◆ **Material provided**
——————————
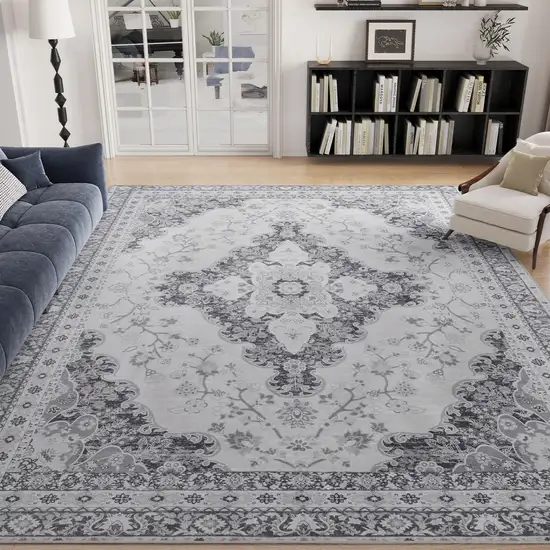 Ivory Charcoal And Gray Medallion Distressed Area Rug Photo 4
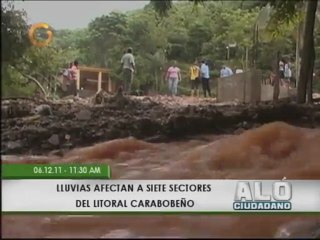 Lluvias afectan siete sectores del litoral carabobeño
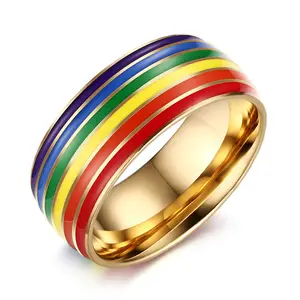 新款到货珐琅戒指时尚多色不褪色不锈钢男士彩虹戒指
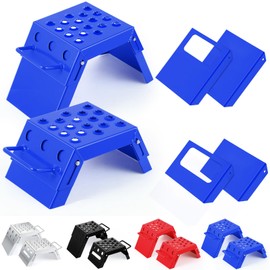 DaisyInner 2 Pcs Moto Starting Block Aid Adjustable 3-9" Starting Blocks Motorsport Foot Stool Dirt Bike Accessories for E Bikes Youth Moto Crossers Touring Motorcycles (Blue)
——————————
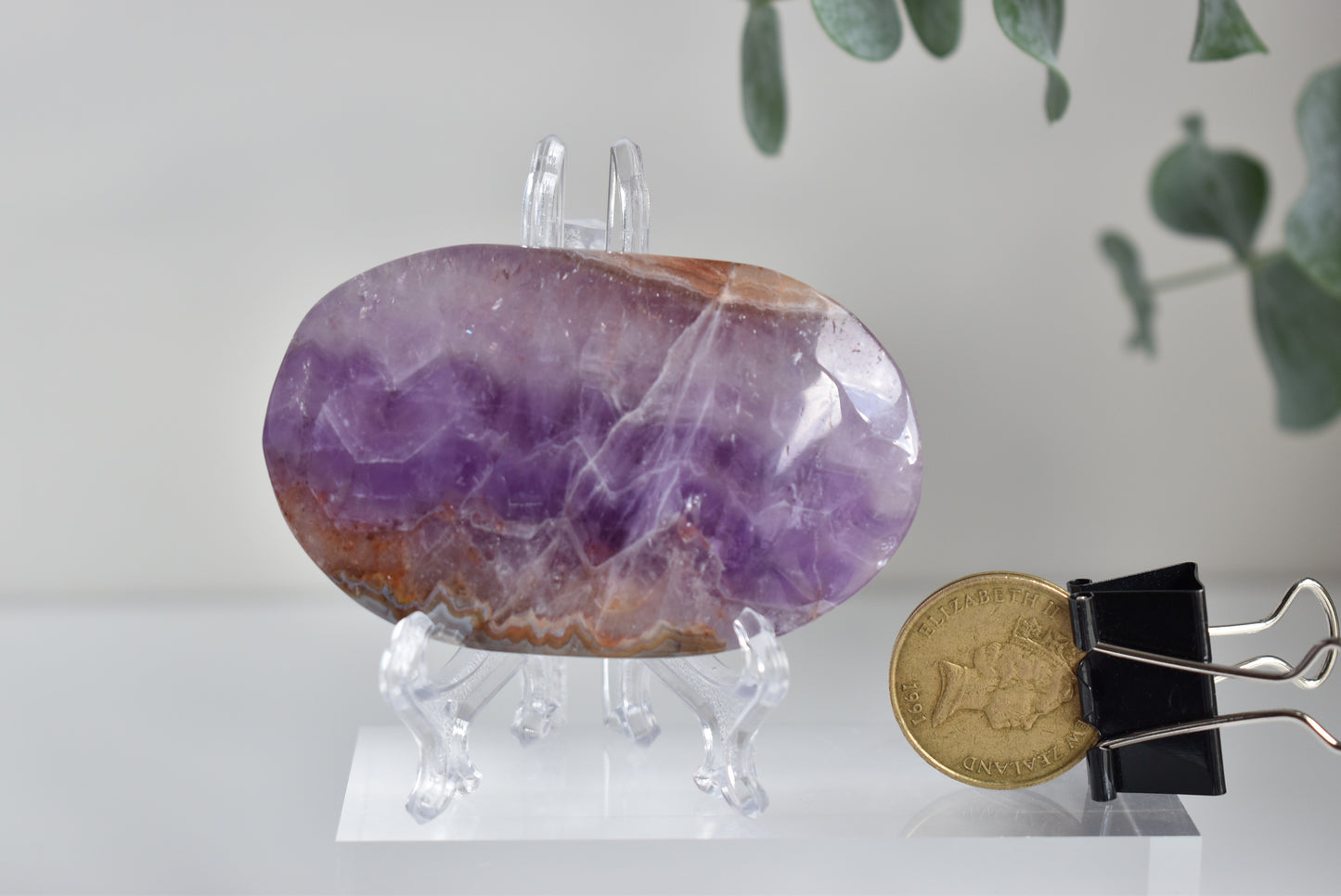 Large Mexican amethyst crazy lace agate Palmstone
——————————
◆ **Instructions to follow**
Leave the pictures out, and transcribe exactly the lines above starting at the one that contains "Lluvias afectan siete" and ending at the one that contains "DaisyInner 2 Pcs".

◆ **Solution for this task**
 Lluvias afectan siete sectores del litoral carabobeño
 新款到货珐琅戒指时尚多色不褪色不锈钢男士彩虹戒指
 DaisyInner 2 Pcs Moto Starting Block Aid Adjustable 3-9" Starting Blocks Motorsport Foot Stool Dirt Bike Accessories for E Bikes Youth Moto Crossers Touring Motorcycles (Blue)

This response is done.